The MCP spec allows MCP servers to send back images to clients (base64-encoded, some json schema). However:
1) codex truncates MCP responses, so it will never receive images at all. This bug has been in existence forever.
2) Claude Code CLI will not pass those resulting images through its multi-modal visual understanding. Indeed, it will create an entirely false hallucination if asked to describe said images.
3) No LLM harness can deal with you bouncing your local MCP server. All require you to restart the harness. None allow reconnection to the MCP server.
I assure you there are many other similar bugs, whose presence makes me think that the LLM companies really don't like MCP, and are bugly-deprecating it.
The fundamental proposal here is that despite being bad MCP is the correct choice for Enterprise because:
> Organizations need architectures and processes that start to move beyond cowboy, vibe-coding culture to organizationally aligned agentic engineering practices. And for that, MCP is the right tool for orgs and enterprises.
…but, you can distill this to: the “cowboys” are off MCP because they've moved to yolo openclaw, where anything goes and there are no rules, no restrictions and no auditing.
…but thats a strawman from the twatter hype train.
Enterprises are not adopting openclaw.
It’s not “MCP or Openclaw”.
Thats a false dichotomy.
The correct question is: has MCP delivered the actual enterprise value and actual benefits it promised?
Or, were those empty promises?
Does the truely stupid MCP ui proposal actually work in practice?
Or, like the security and auditing, is it a disaster in practice, which was never really thought through carefully by the original authors?

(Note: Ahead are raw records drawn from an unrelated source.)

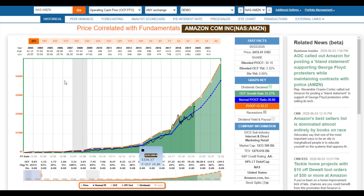I'll end this video by saying: if you like what you see here with the historical graphs, you ain't seen nothing yet. Wait until I show you how powerful the FAST Graphs forecasting tool is — because at the end of the day, forecasting future earnings is the key to long-term investment success. In the long run, earnings determine market price. Thanks for watching. I hope this gives you a clearer perspective of the FAST Graphs research tool, how it works, and how it can help you make better investment decisions. Try our 14-day free trial — it's totally free — and look at any stocks you might own in your portfolio.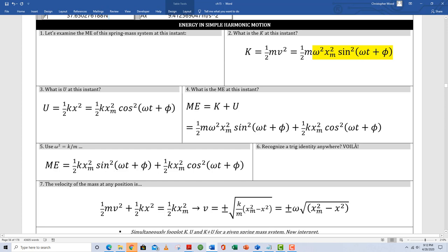In box two, kinetic energy is one-half mv squared as always, but now I have a fancy expression for the velocity of a simple harmonic oscillator: velocity equals omega times x sub m times sine of omega t plus phi, and I'm squaring that. Box two gives kinetic energy at this instant; box three gives elastic potential energy; box four gives total mechanical energy — the sum of kinetic and potential energy, since there is no non-conservative work.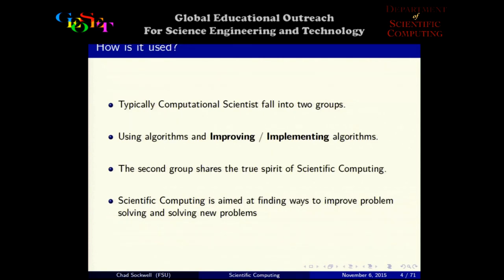Computational scientists typically fall into two groups. The first group are those who really just use the algorithms — a computational physicist or computational biologist who uses algorithms, software, or computer code to solve problems. The second group tries to improve algorithms, implement them in new places, and really shares the true spirit of scientific computing. Here at FSU's Scientific Computing Department, we aim to solve new problems and improve the problem-solving methods we already have.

It seems to me, that vendors are increasingly determining that controlled AI integrations with rbac are the correct way forward, but MCP has failed to deliver that.
Thats why MCP is dying off.
…because an open plugin ecosystem gives you broken crap like the Atlassian MCP server, and a bunch of maybe maybe 3rd party hacks.

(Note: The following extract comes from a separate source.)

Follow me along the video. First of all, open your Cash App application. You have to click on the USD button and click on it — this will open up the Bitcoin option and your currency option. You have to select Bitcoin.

Thats not what enterprises want, for all the reasons in the article.
I’m struggling to understand the recent wave of backlash against MCP. As a standard, it elegantly solves a very real set of integration problems without forcing you to buy into a massive framework.
It provides a unified way to connect tools (whether local via stdio or remote via HTTP), handles bidirectional JSON-RPC communication natively, and forces tools to be explicit about their capabilities, which is exactly what you want for managing LLM context and agentic workflows.
This current anti-MCP hype train feels highly reminiscent of the recent phase where people started badmouthing JSON in favor of the latest niche markup language. It’s just hype driven contrarianism trying to reinvent the wheel.
I don't even fully understand what people are suggesting instead. That we use CLI tools for everything? There are lots of things I do and tools I use that cli would be very inefficient for interacting with.
We're yet to genuinely standardise bloody help texts for basic commands (Does -h set the hostname, or does it print the help text? Or is it -H? Does --help exist?). Writing man-pages seems like a lost art at this point, everyone points to $WEBSITE/docs (which contains, as you guessed, LLM slopdocs).
We're gonna end up seeing the same loops of "Modern standard for AI" -> "Standard for AI" -> "Not even a standard" -> "Thing of the past" because all of it is fundamentally wrong to an extent. LLMs are purely textual in context, while network protocols are more intricate by pure nature. An LLM will always and always end up overspeccing a /api/v1/ping endpoint while ICMP ping can do that within bits. Text-based engineering, while visible (in the sense that a tech-illiterate person will find it easy to interpret), will always end up forming abstractions over core - you'll end up with a shaky pyramid that collapses the moment your $LLM model changes encodings.